▶ [WORK TASK] Quote the entries below from the line with "AN INTRODUCTION TO ACCOUNTANCY 12ED (RO)" through the line with "14 Botanika, Blackrock", both ends included, and only those lines.

Segment Start: INPUT RECORDS

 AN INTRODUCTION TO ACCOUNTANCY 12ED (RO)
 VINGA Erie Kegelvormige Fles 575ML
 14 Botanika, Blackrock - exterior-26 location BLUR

Segment End: INPUT RECORDS
Segment Start: INPUT RECORDS

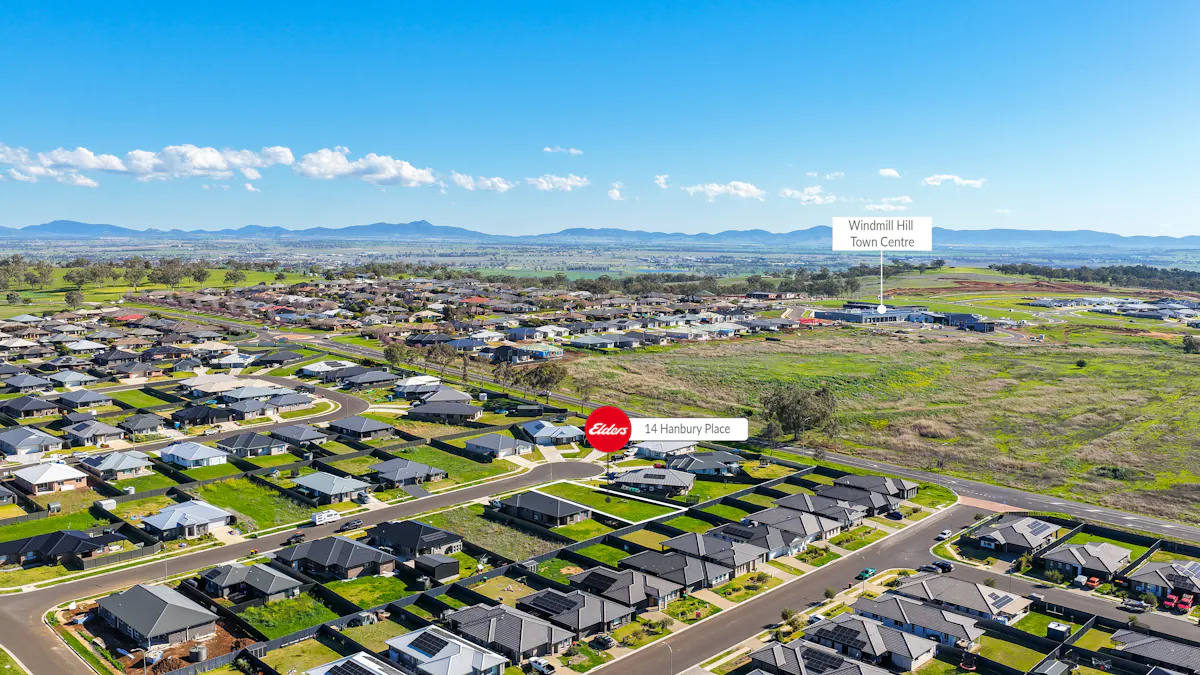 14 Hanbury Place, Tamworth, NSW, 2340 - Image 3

Segment End: INPUT RECORDS

▶ [TASK SOLUTION]
 AN INTRODUCTION TO ACCOUNTANCY 12ED (RO)
 VINGA Erie Kegelvormige Fles 575ML
 14 Botanika, Blackrock - exterior-26 location BLUR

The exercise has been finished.